Lebanese militant group Hezbollah announced on Friday that its top military commander had been killed in an attack in Syria in a major blow to the coalition supporting the Damascus regime.
The group said it was still investigating the cause of the blast near Damascus airport but it did not immediately point the finger at Israel as it did when the commander's predecessor was assassinated in the Syrian capital in 2008.
The death of Mustafa Badreddine, who had led Hezbollah's massive intervention in Syria in support of President Bashar al-Assad's regime, came as a fragile truce in the country's five-year conflict teetered on the brink of collapse.
A six-day-old ceasefire in battleground second city Aleppo expired early Thursday without renewal and rebel sniper fire on the government-held sector of the city killed two civilians, one of them a woman, a monitoring group said.
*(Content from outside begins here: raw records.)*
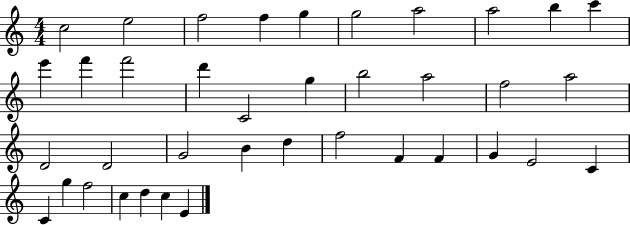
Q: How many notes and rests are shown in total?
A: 38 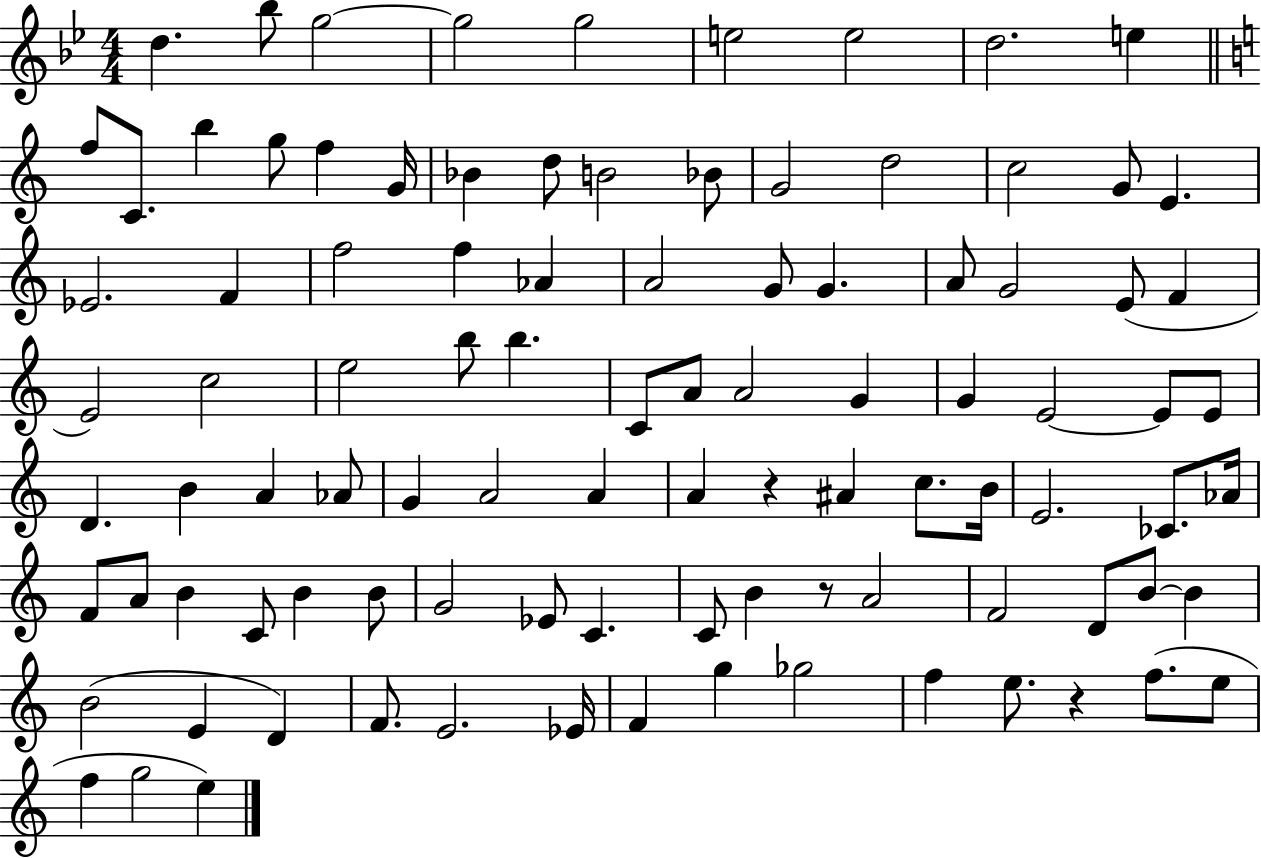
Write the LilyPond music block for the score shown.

{
  \clef treble
  \numericTimeSignature
  \time 4/4
  \key bes \major
  \repeat volta 2 { d''4. bes''8 g''2~~ | g''2 g''2 | e''2 e''2 | d''2. e''4 | \break \bar "||" \break \key c \major f''8 c'8. b''4 g''8 f''4 g'16 | bes'4 d''8 b'2 bes'8 | g'2 d''2 | c''2 g'8 e'4. | \break ees'2. f'4 | f''2 f''4 aes'4 | a'2 g'8 g'4. | a'8 g'2 e'8( f'4 | \break e'2) c''2 | e''2 b''8 b''4. | c'8 a'8 a'2 g'4 | g'4 e'2~~ e'8 e'8 | \break d'4. b'4 a'4 aes'8 | g'4 a'2 a'4 | a'4 r4 ais'4 c''8. b'16 | e'2. ces'8. aes'16 | \break f'8 a'8 b'4 c'8 b'4 b'8 | g'2 ees'8 c'4. | c'8 b'4 r8 a'2 | f'2 d'8 b'8~~ b'4 | \break b'2( e'4 d'4) | f'8. e'2. ees'16 | f'4 g''4 ges''2 | f''4 e''8. r4 f''8.( e''8 | \break f''4 g''2 e''4) | } \bar "|."
} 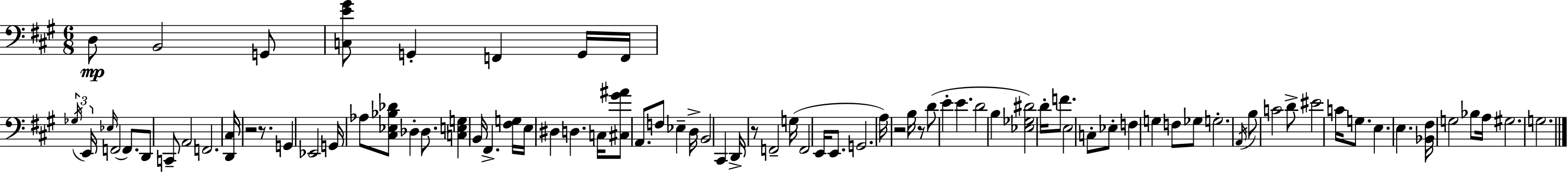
D3/e B2/h G2/e [C3,E4,G#4]/e G2/q F2/q G2/s F2/s Gb3/s E2/s Eb3/s F2/h F2/e. D2/e C2/e A2/h F2/h. [D2,C#3]/s R/h R/e. G2/q Eb2/h G2/s Ab3/e [C#3,Eb3,Bb3,Db4]/e Db3/q Db3/e. [C3,E3,G3]/q B2/s F#2/q. [F#3,G3]/s E3/s D#3/q D3/q. C3/s [C#3,G#4,A#4]/e A2/e. F3/e Eb3/q D3/s B2/h C#2/q D2/s R/e F2/h G3/s F2/h E2/s E2/e. G2/h. A3/s R/h B3/s R/e D4/e E4/q E4/q. D4/h B3/q [Eb3,Gb3,D#4]/h D4/s F4/e. E3/h C3/e Eb3/e F3/q G3/q F3/e Gb3/e G3/h. A2/s B3/e C4/h D4/e EIS4/h C4/s G3/e. E3/q. E3/q. [Bb2,F#3]/s G3/h Bb3/e A3/s G#3/h. G3/h. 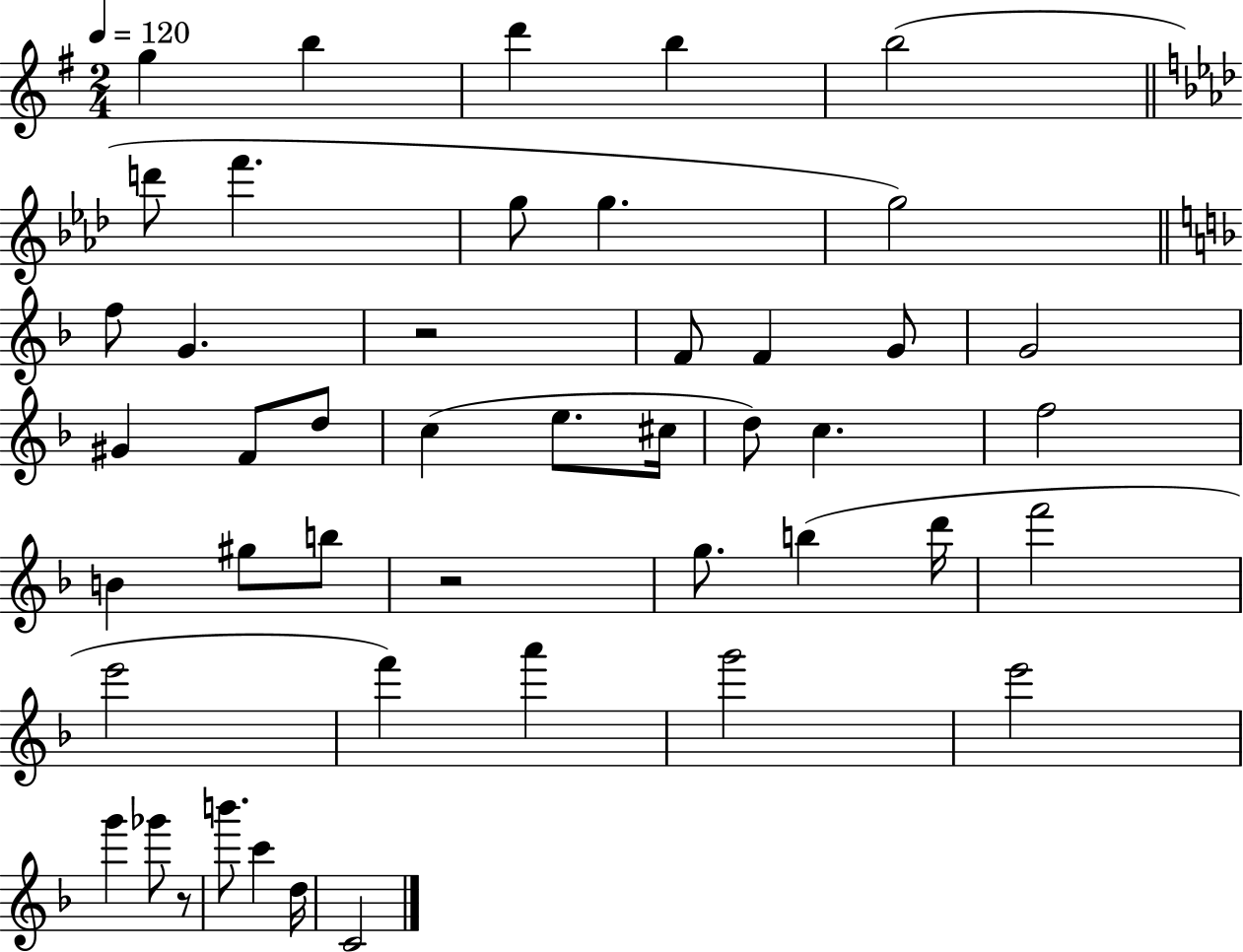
X:1
T:Untitled
M:2/4
L:1/4
K:G
g b d' b b2 d'/2 f' g/2 g g2 f/2 G z2 F/2 F G/2 G2 ^G F/2 d/2 c e/2 ^c/4 d/2 c f2 B ^g/2 b/2 z2 g/2 b d'/4 f'2 e'2 f' a' g'2 e'2 g' _g'/2 z/2 b'/2 c' d/4 C2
Heavy air strikes pounded Al-Qaeda's Syrian affiliate Al-Nusra Front in its Idlib province stronghold in the northwest, killing 16 of its fighters, including a senior commander.
Badreddine had been a key player in Hezbollah's military wing virtually since its inception.
He was on a US terror sanctions blacklist, was a key suspect in the 2005 assassination in Beirut of former Lebanese prime minister Rafiq Hariri, and was one of Israel's most wanted men.
The Shiite militant group, which now dominates Lebanon's government, did not specify which of Badreddine's many enemies it held responsible for his death.
"According to preliminary reports, a large explosion targeted one of our positions near Damascus international airport killing brother commander Mustafa Badreddine and wounding other people," it said in a statement.
"We are going to pursue an inquiry to determine the nature and causes of the explosion and ascertain whether it was the result of an air strike, a missile or artillery fire."
Damascus airport lies to the east of the capital where various rebel groups have a strong presence in the countryside, although pro-government forces have secured the highway to it for the past two years or more.
Badreddine's predecessor, Imad Mughniyeh, his cousin and brother-in-law, was killed in Damascus in 2008 in an attack that drew immediate threats by Hezbollah of heavy retaliation against Israel.
It made no such threats after Badreddine's death.
Israel made no comment, as it did in 2008 too, but Israeli media underlined Hezbollah's failure to point the finger.
In its 2012 terror blacklisting of Badreddine, Washington charged that he was the key pointman for Hezbollah's operations in Syria alongside its key foreign backer Iran in support of Assad's regime.
"Badreddine is assessed to be responsible for Hezbollah's military operations in Syria since 2011, including the movement of Hezbollah fighters from Lebanon to Syria, in support of the Syrian regime," the US Treasury Department said.
"Since 2012, Badreddine coordinated Hezbollah military activities in Syria," it said.
Key prop for Assad
Hezbollah's intervention was vital in shoring up Assad's regime at its lowest point in the war against rebels backed by Gulf Arab and Western countries.
Its fighters secured most of the Lebanese border region, cutting vital rebel supply lines, and reasserted government control in most of the southern suburbs of Damascus, including the Sayyida Zeinab Shiite shrine district, revered by Hezbollah's followers and by its Iranian backers.
The intervention of Russia in September last year in support of its Damascus ally has sharply expanded the military coalition backing it.
Russian officials have vowed to work closely with their US counterparts to salvage a February ceasefire between pro-government forces and non-jihadist rebels but it was teetering on the brink on Friday after the collapse of the Aleppo truce.
That deal had sharply reduced a surge in the fighting in Syria's pre-war commercial capital that had killed more than 300 civilians.
Al-Qaeda, like the Islamic State group which controls much of eastern Syria, was never party to the truce and more than 60 air strikes on Thursday targeted the Abu Duhur airbase in an area of Idlib province it controls, the Britain-based Syrian Observatory for Human Rights monitoring group said.
It was unclear whether those strikes were carried out by the Syrian air force, Russian warplanes or aircraft of the US-led coalition, all of which have struck Al-Qaeda in Syria in the past.
As violence flared, efforts by the United Nations and the Red Cross to step up aid deliveries to the hundreds of thousands of desperate civilians trapped in besieged areas ran into trouble.
The United Nations on Thursday abandoned an attempt to make the first significant aid delivery in four years to the besieged rebel enclave of Daraya outside Damascus after a consignment of baby milk was blocked by pro-government forces.
"We urge the responsible authorities to grant us access to Daraya, so we can return with desperately-needed food & medicines," the International Committee of the Red Cross said.